During the war, the WarAg used to go out to the farmers and tell them how much they had to plough and what to plant. If you weren’t working the ground properly they would turn you out and commandeer the ground. That man that used to see to us, he was a broken-down farmer, old Potter. He didn’t have a clue about farming and yet he went about telling us farmers how many acres we had to plough. He wasn’t a very popular man, I can tell you. And then he’d hand it over to the WarAg and they’d come and plough it for you, to make sure they had it.
At that time we also had a lorry business. We were the ones who had to go out and collect all the dead cows that got killed by enemy action. They shot the cows. We had a hand winch to pull them up in the lorry. Bloomin’ hard work that was to drag them up into the lorry. Then we’d take them to the slaughterhouse. But the throat had to be cut soon as they died, if they hadn’t, they had to go to the knackerman then because it’s not fit for human consumption. Shows how hard up we were for food.
The soldiers, from the Wiltshire regiment in the Great War, when they came back, those that came back, they set them up on the farm, Fuller did. Set them up with smallholdings. They had a saw mill down by Neston House, used to make all their own timbers. They were all wooden buildings with tin roofs. They were proper smallholdings with about 35 or 40 acres. They were dotted about in Neston parish. When those people died they added the smallholdings onto Lypiatt Farm because we were the central farm. That’s how we got up to 250 acres.
Mr Barnes, he was from the Isle of Wight, he heard about a tenancy of a little farm behind our cottages at Lypiatt. He walked three cows up from Southhampton and he started a milk round in Neston. He had a tricycle with a little carriage behind with a milk churn in. He used to go round, and women would come out with their jugs. He had three measures a gill, a half pint and a pint, all hung inside this churn. He was a real character.
We used to have a holiday, a fortnight in September, when we’d finished corn harvest. We had a tent for years. Then we had the lorry, it was built for horses, it had a solid oak floor. It was quite roomy, we’d have the Morris 8, (we had two planks to run it up in the lorry) and still room for a double bed in front of it and space over the cab. We stayed on a farm in the Gower. They was highly amused when we turned up.
My sister Mar, she was a heck of a woman. Father would take her with him to buy cows. At stock judging she was amazing. When she and Robin moved up to the Ridge Farm, Father took her with him to choose their starter herd, five cows I think.

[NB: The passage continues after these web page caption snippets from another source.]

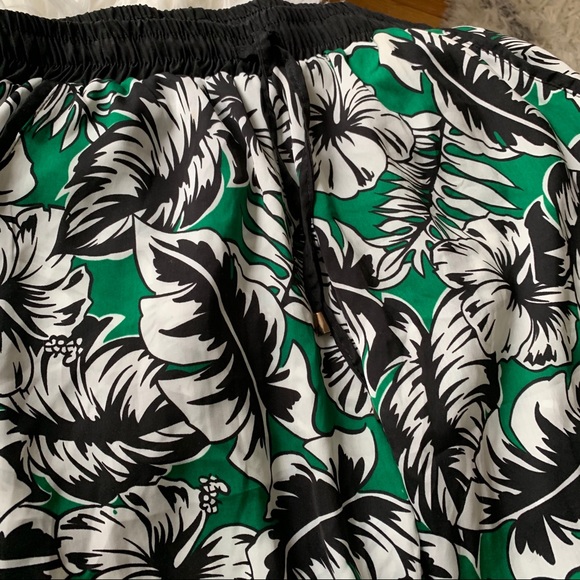 Daphnea - Vintage Green Floral Joggers - Picture 2 of 8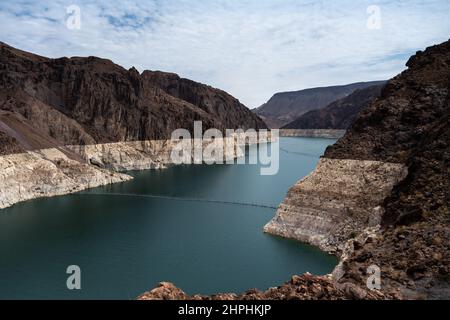 Linea di acqua bassa del fiume Colorado alla diga di Hoover che mostra l'estensione della siccità record, Arizona e Nevada Foto Stock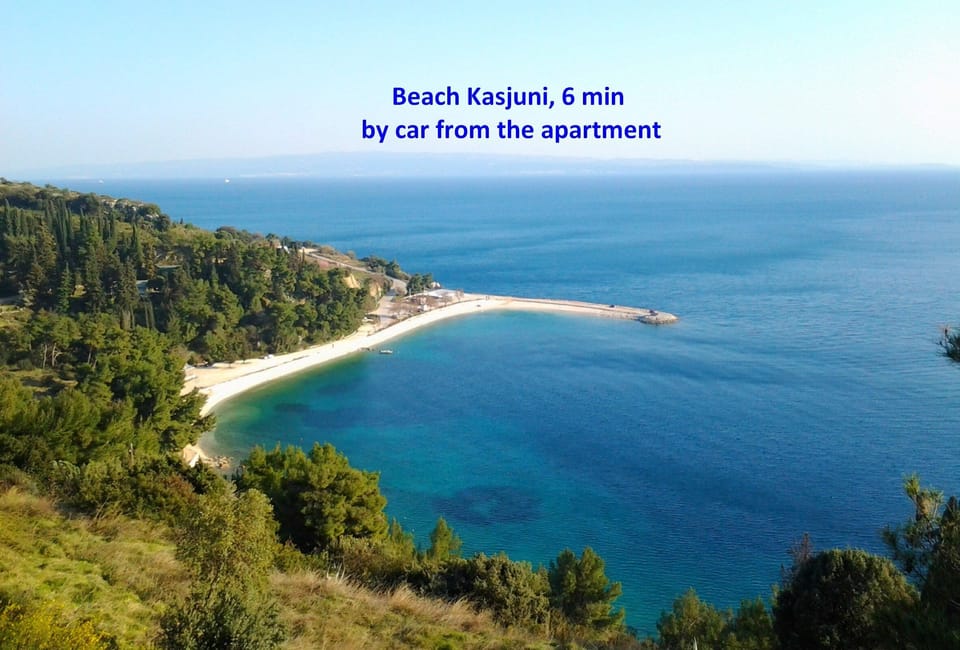Beach Kasjuni, 6 min by car from the apartment
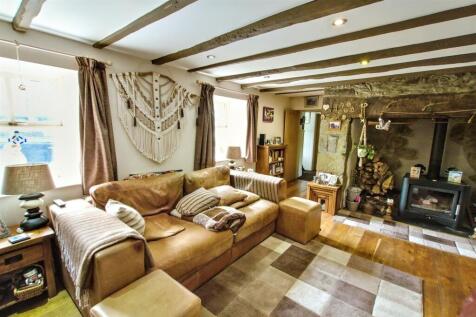 Farmhouse Lounge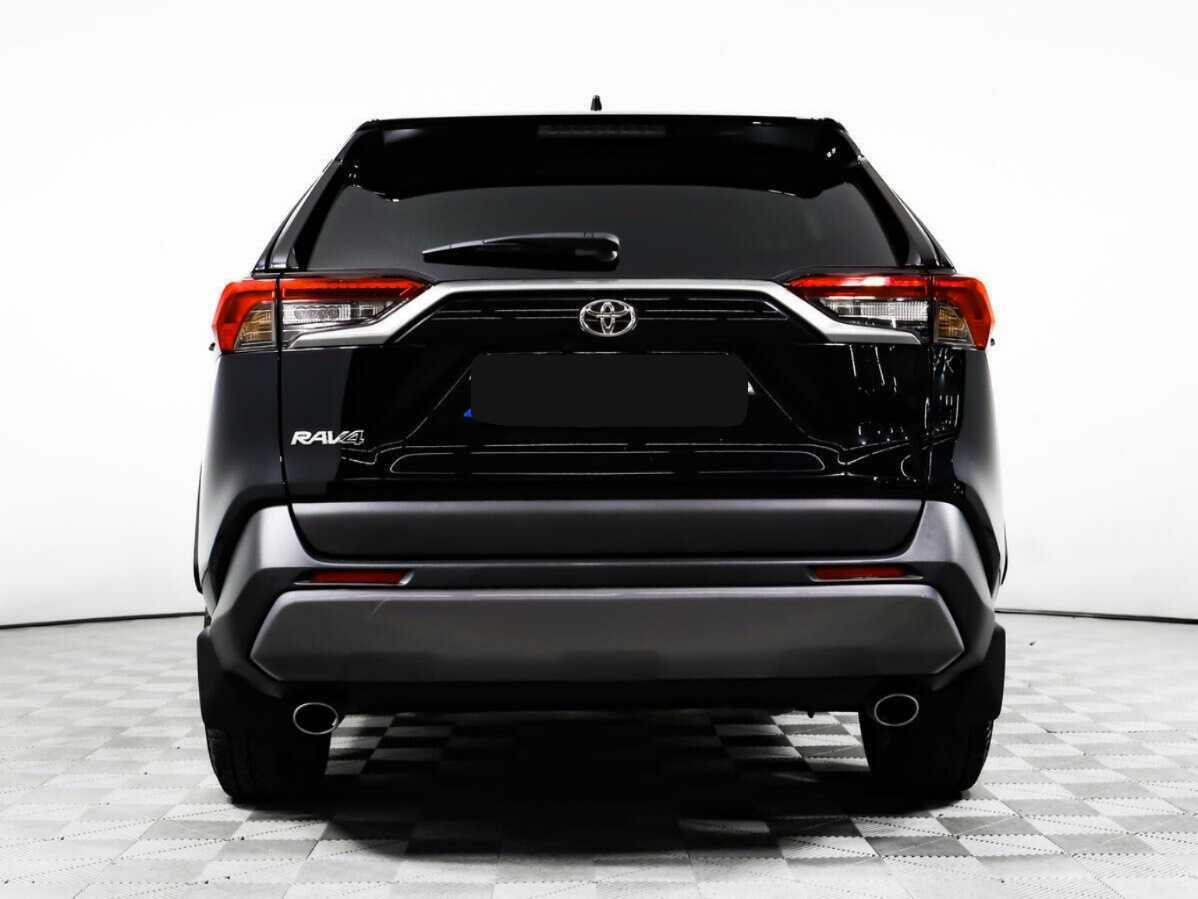 Toyota RAV4 с пробегом — 2020 год. Фото: #5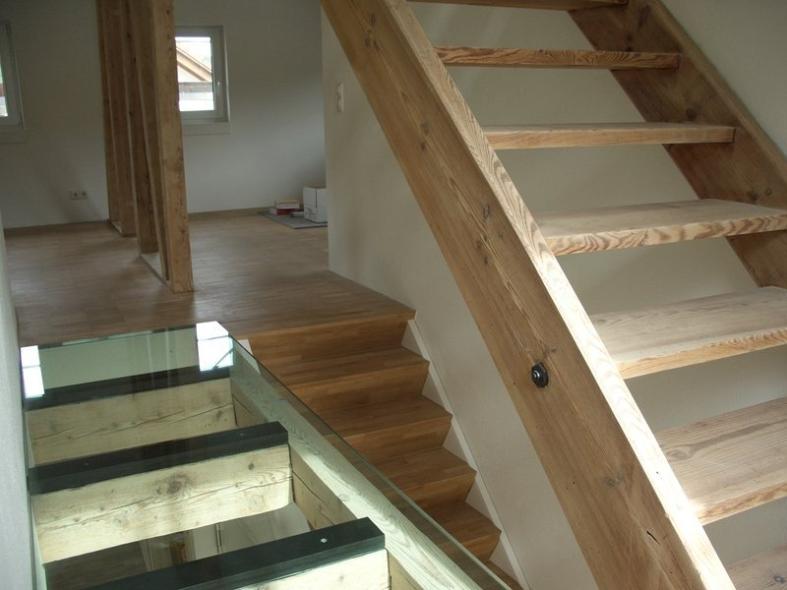 Glasboden über Fachwerkbalken mit frei tragender Treppe
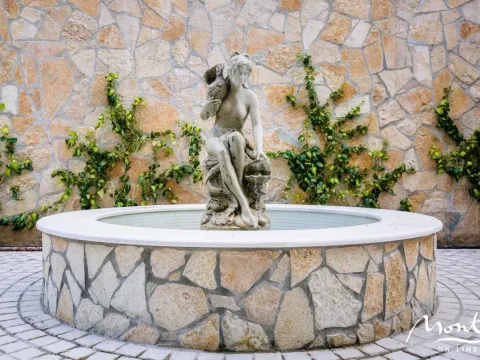 Sale, three bedroom apartment, 141m², Herceg Novi, Crna Gora - image 14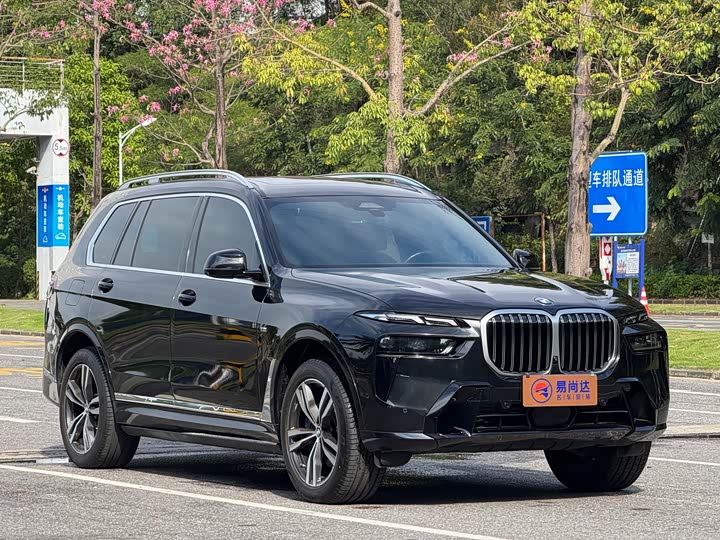 Фото 3 - BMW X7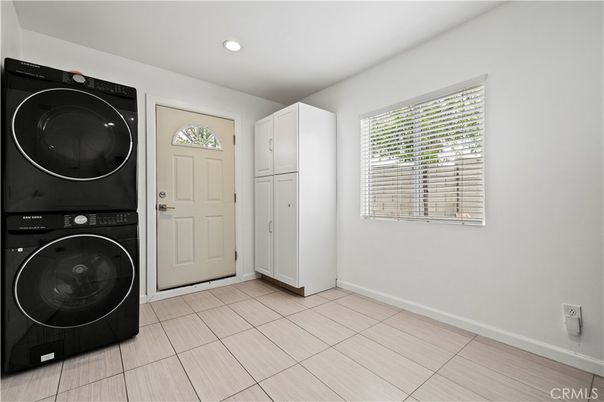 Interior, Recessed Lighting, Utility Closets, Washer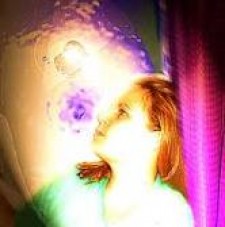 Iz svetlobne skrinjice: kaj je aura?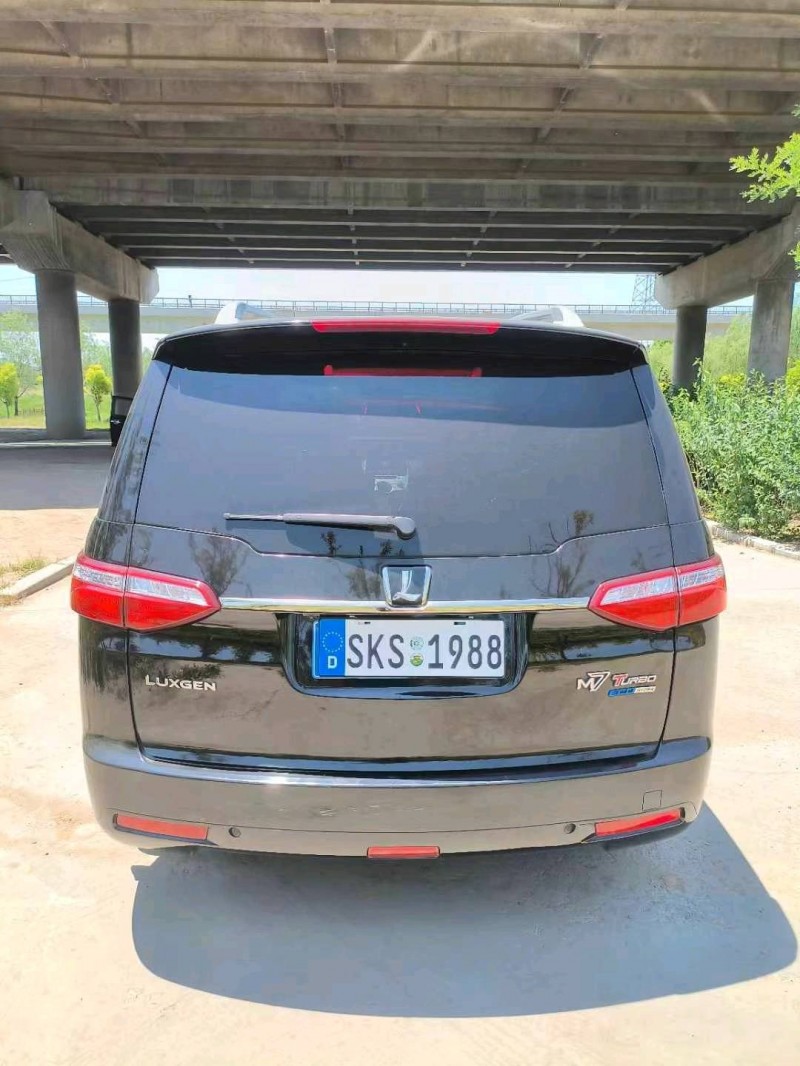 青岛17年纳智捷大7 MPV9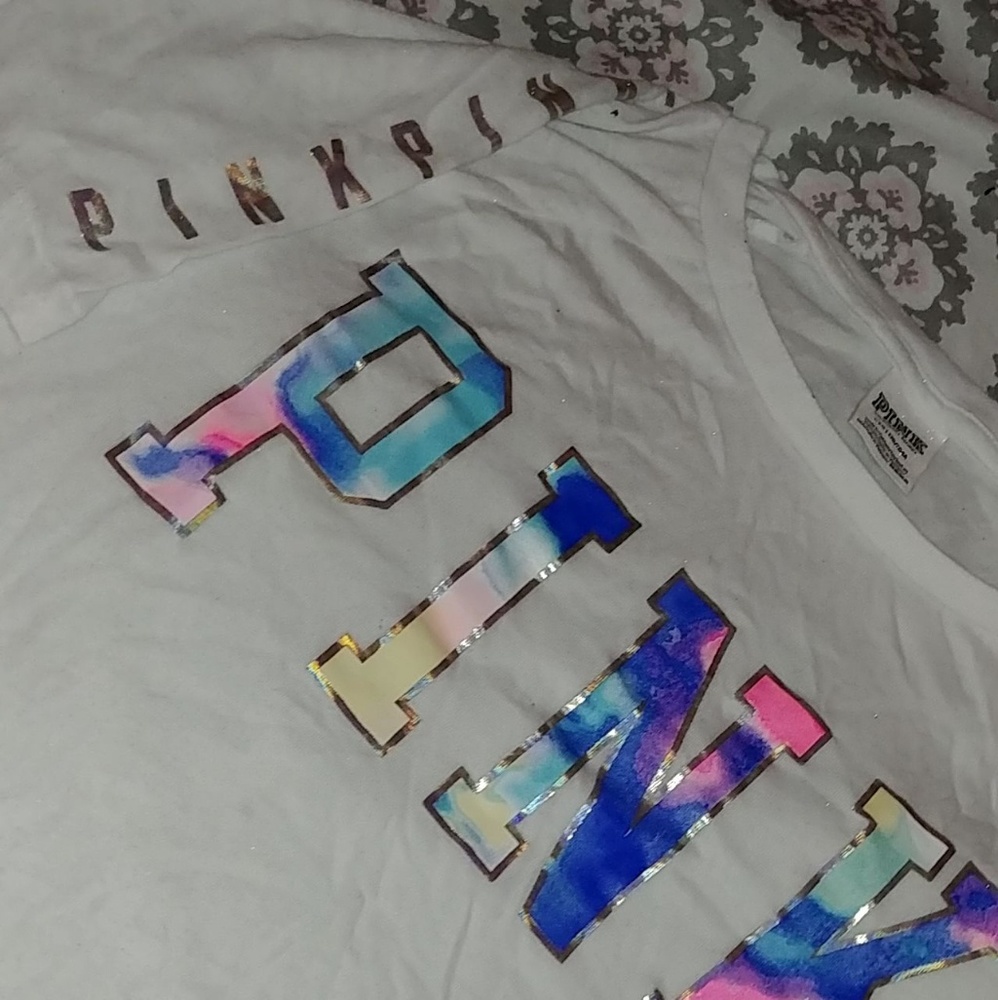 White PINK tshirt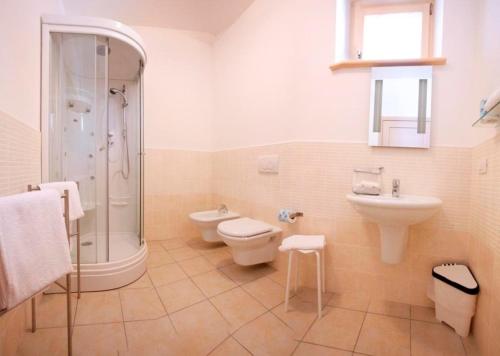 a bathroom with a toilet and a shower and a sink at Apartment Dro 1 in Ceniga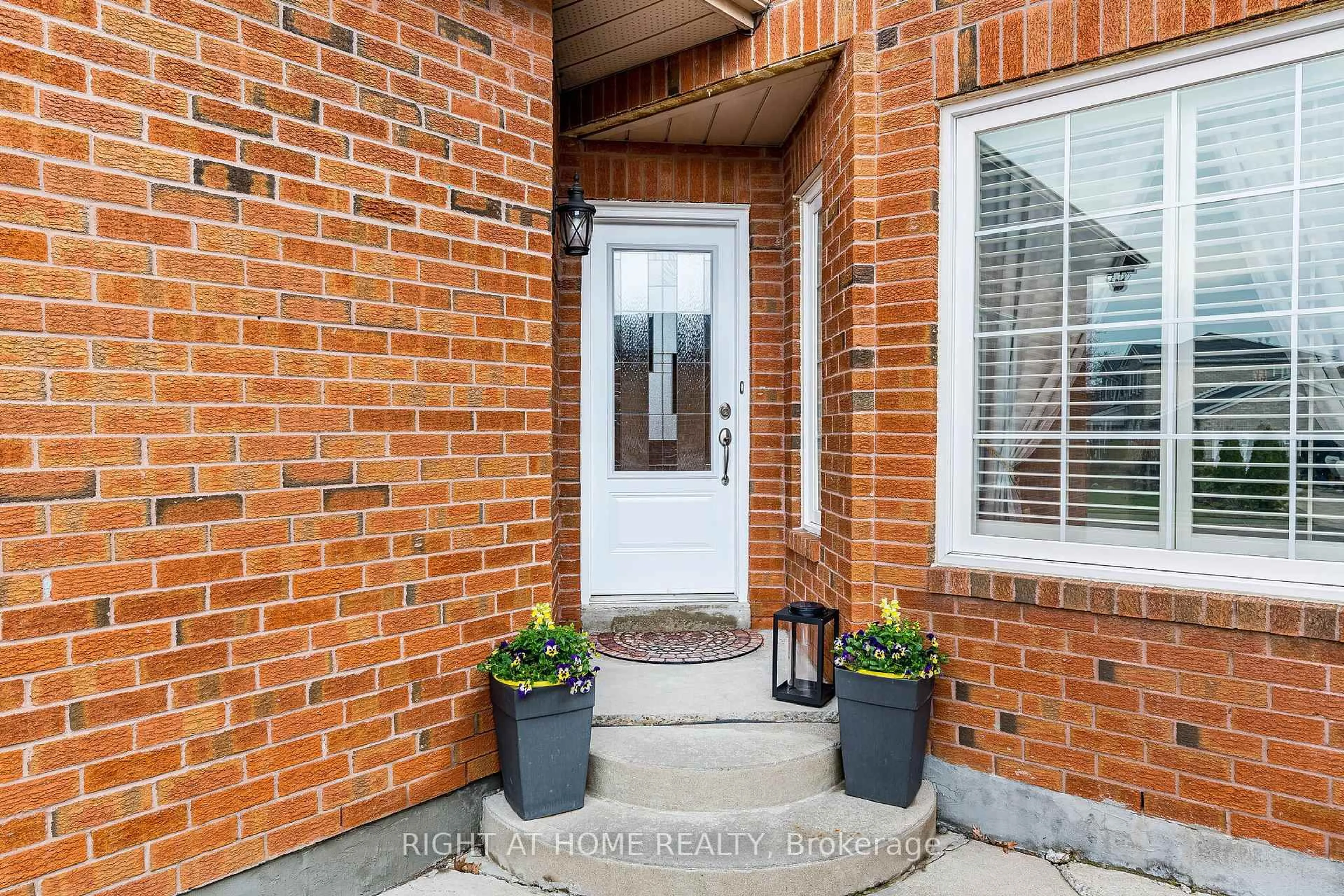 Unknown for 16 Woodside Crt, Brampton Ontario L6Y 3Z3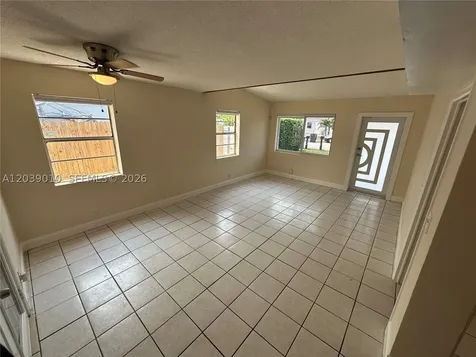 4410 SW 39th Street West Park FL 33023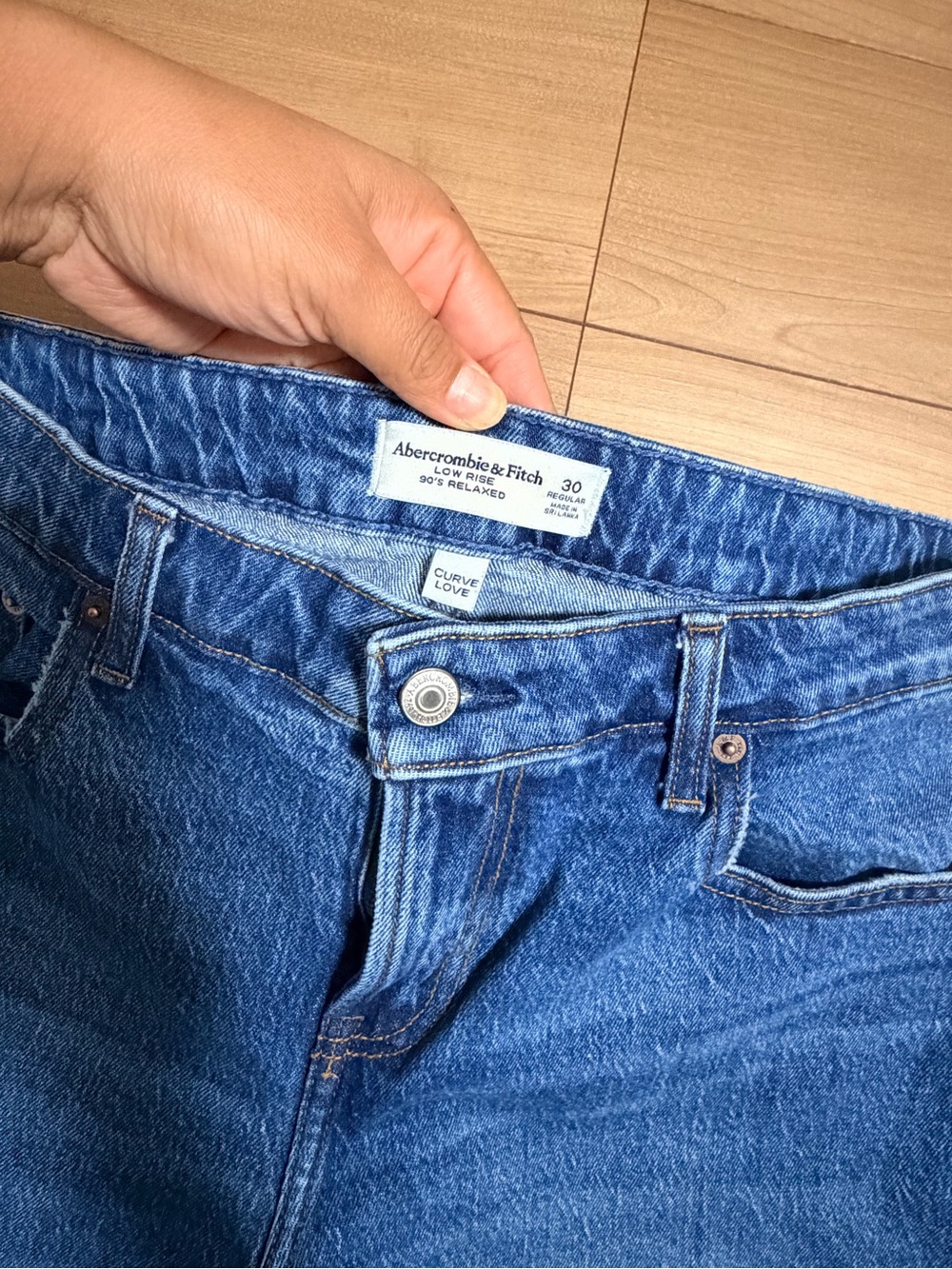 A&F- Low Rise 90s Relaxed Jeans - Picture 3 of 7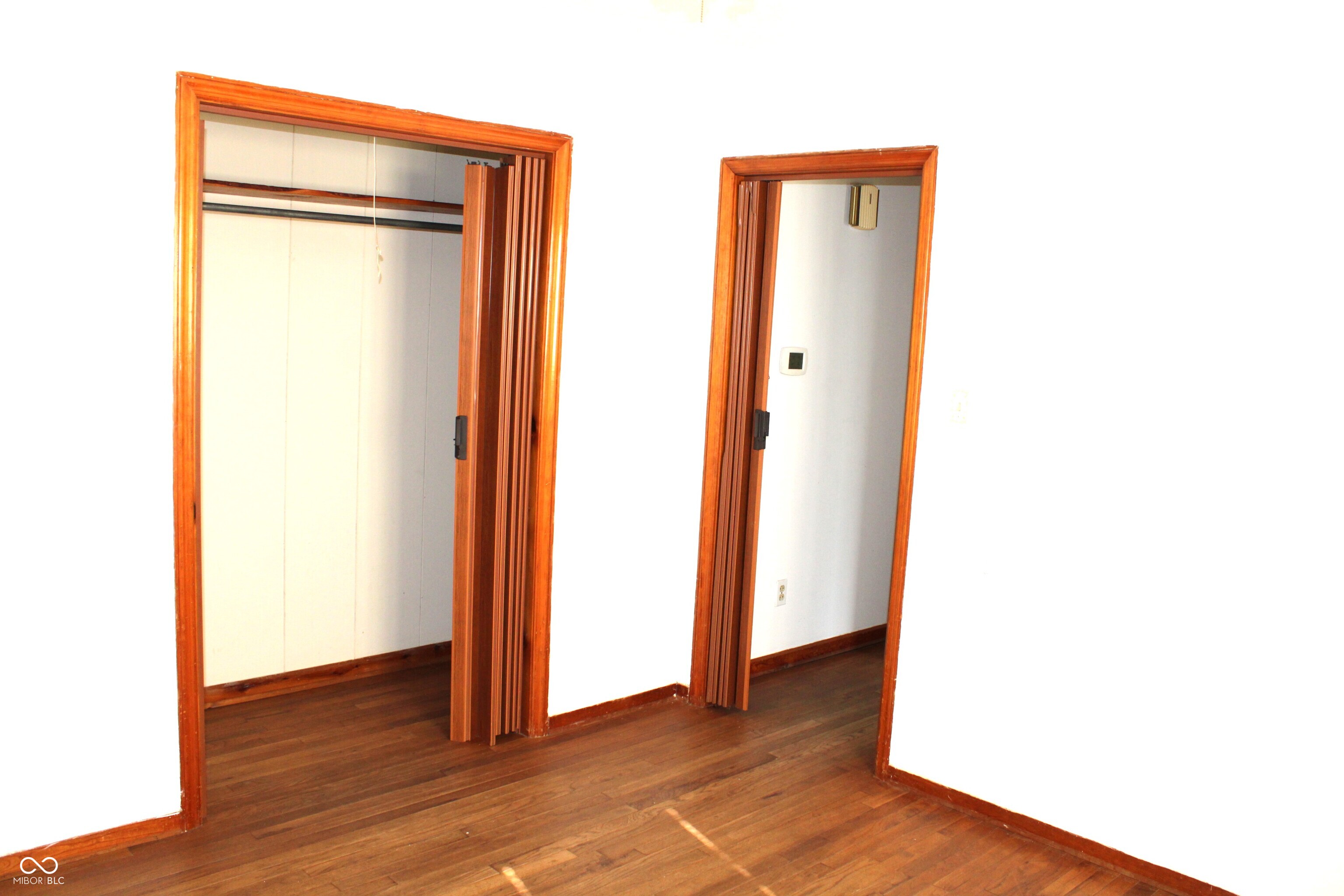 10327 Old National Road Indianapolis, IN 46231 - Photo 11 of 28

She was in the England team against America, stock judging, can’t remember the year, but she had a week’s training, up in Penrith. Trouble was she was diabetic. My mother was terribly worried all the time she was gone. Then they did the competition. Pick the best cow, the one you consider the best and give reasons why you chose that one and then you were marked on that.
They actually beat the Americans, that really chuffed her.”